With the state swimming in debt, perhaps it should stop subsidizing mansions, second homes and $1 million mortgages.

by Michael Dahl, Public Policy Director on 11 March 2010

Check out the Star Tribune’s second letter to the editor today one of HOME Line’s proposals for how to stop slashing State affordable housing programs.

The letter to the editor and a recent post I made on Kim Skobba’s blog, “Housing Sense,” point out how the mortgage interest deduction is not a well-targeted tax deduction.  It costs state and federal governments billions of dollars and goes mostly to the highest income households.

If you are interested in digging deeper, check out this New York Times piece from a few years back.  It provides a great history of the mortgage interest deduction.  Actually, that particular deduction is the only remaining loophole that once allowed people to deduct any form of interest off their reportable income.

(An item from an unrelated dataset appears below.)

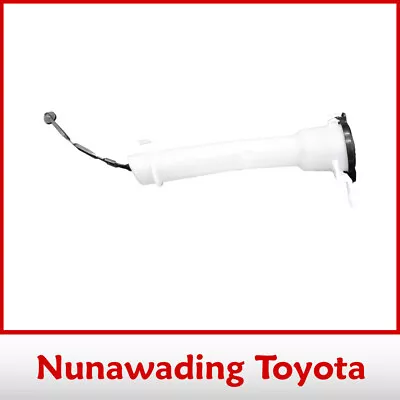 Genuine Toyota Washer Inlet Sub-Assembly For Corolla NRE180 ZRE181 ZRE182 • $47.87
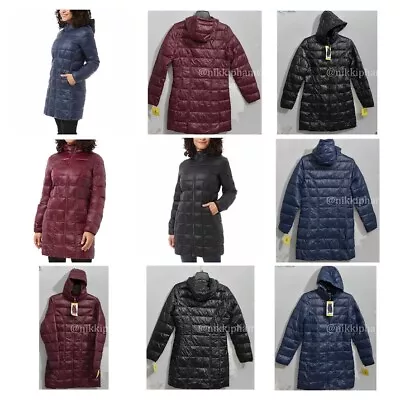 NWT Aventure Ladies' 3/4 Length Puffer Jacket   In 3 Colors • $45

Yep, you used to be able to deduct credit card interest off your state and federal taxes.  In the 1980s, the Feds figured out that that was just encouraging people to increase their debt load.  However, heavy lobbying by the housing industry preserved the interest on home mortgages.

Is that deduction encouraging people to buy more home than they can afford.  Several conservative economists believe so.  However, it is also, quite simply, not a well-targeted tax deduction.  At the title of this blog post says:  we are subsidizing mansions, second homes, and $1 million mortgages.

Here’s a note from one of our blog-followers: Thanks for taking on the sacred mortgage deduction. Limiting the deduction would be a good policy move anytime, but especially at a time when there is no money to fund the basic services. Some may argue that eliminating the mortgage interest deduction would be bad for homeownership. Still, as you point out, the interest paid on credit cards used to be deductible. Removing the deduction did not hurt the industry.